L’interazione fra un corpo vivente e l’ambiente si complica nell’uomo
che ha un mondo (un tema le cui origini heideggeriane sono notorie),
rispetto al quale si pone in modo riflessivo, “vissuto”, decentrato (cioè
sospendibile e assoggettabile a riflessione, non vincolato allo schema
stimolo–reazione). L’uomo non si accontenta dell’organizzazione dei
dati sensoriali ma si interroga sulla loro molteplicità, si chiede il senso
dell’esperienza, se ne configura alternative possibili.
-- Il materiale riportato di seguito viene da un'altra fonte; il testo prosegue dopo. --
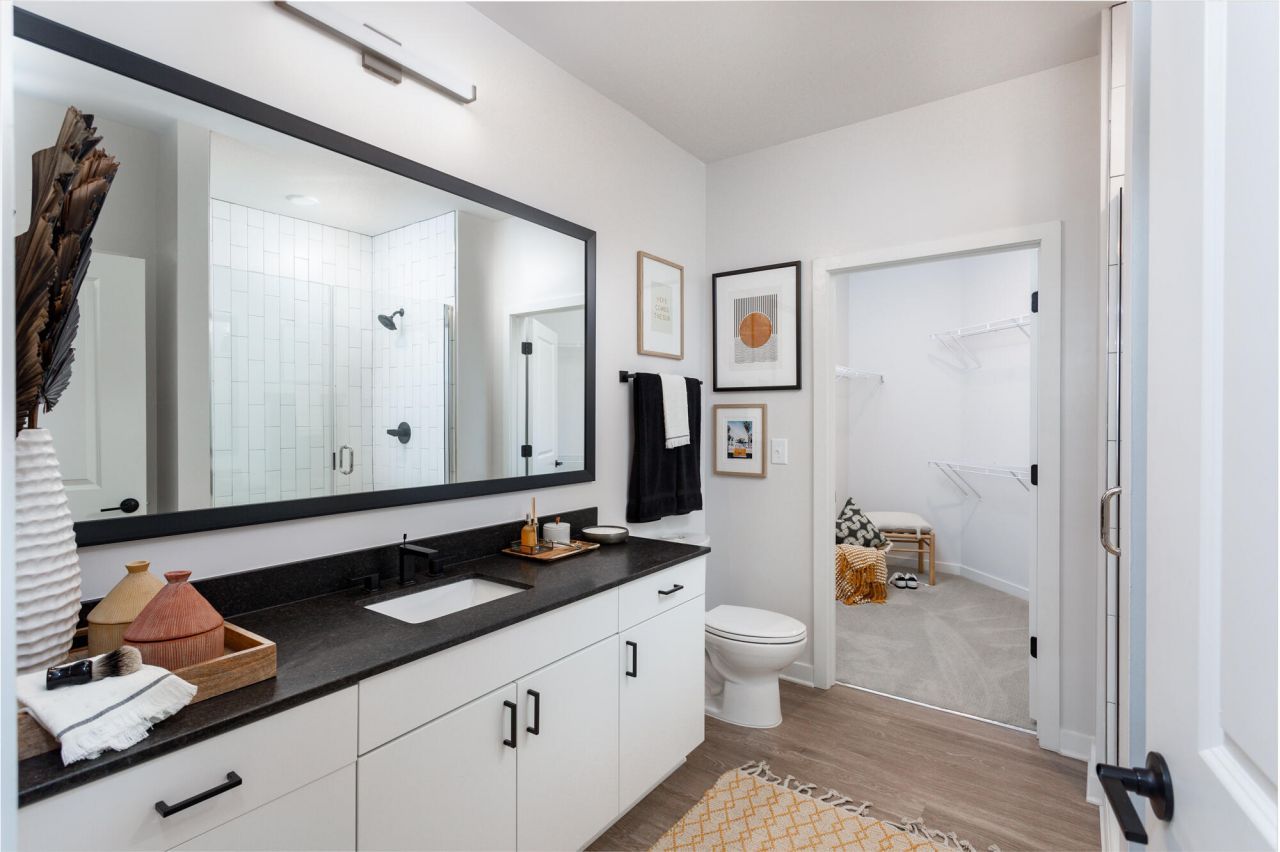 2403 Mall Drive Photo 14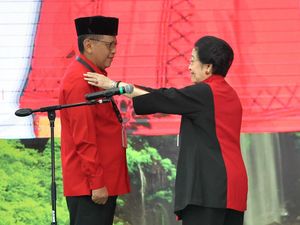 Hasto Kristiyanto Sekjen Lagi, Ini Struktur Lengkap Pengurus DPP PDIP Hasto Kristiyanto Sekjen Lagi, Ini Struktur Lengkap Pengurus DPP PDIP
L’eccentricità del
comportamento rispetto al mero adattamento biologica garantisce
sempre un’apertura al mondo. I sensi lo incorporano, mantenendo
però la distinzione fra essere un corpo e avere un corpo, da cui ci si
può anche staccare ekstaticamente. In questo è molto vicino alla metodologia pluralista di Aristotele, al suo prendere in considerazione
tanto la specificità dei sensi quanto la loro unità positiva. Rileggere in
tal modo tutta la problematica dei sensibili propri e comuni e il ruolo del senso comune (forse con le precisazioni su cui prima mi sono
dilungato) costituisce senz’altro una utile e originale proposta interpretativa — ben s’intende, lasciando allo Stagirita, senza sovrapposizioni anacronistiche, tutto il suo. Non a caso, Lamedica, riprendendo
il tema del V capitolo, anche in relazione alle interpretazioni di Grasso
e Zanatta, conclude che «Aristotele [...] arriva a ricostruire la facoltà di
senso come una “rete integrata”, come un vero e proprio “apparato”,
in cui ciascun senso ha un margine di operatività proprio, ma anche —
in ragione della comune appartenenza ad un apparato proprio di un
“organismo vivente” e, quindi, anche “senziente” — un suo ruolo da
giocare “all’interno” della rete integrata e “in favore” della stessa rete,
in quanto la facoltà va sempre considerata come “facoltà generale”,
non cumulo di sensi distinti. Tutto ciò potrebbe essere interpretato
nel senso di quella “unità positiva” dei sensi, quella “unità stessa come
molteplicità” di cui parla Plessner». Ma anche di quella coscienza–rete
incorporata, di cui si è sopra discusso.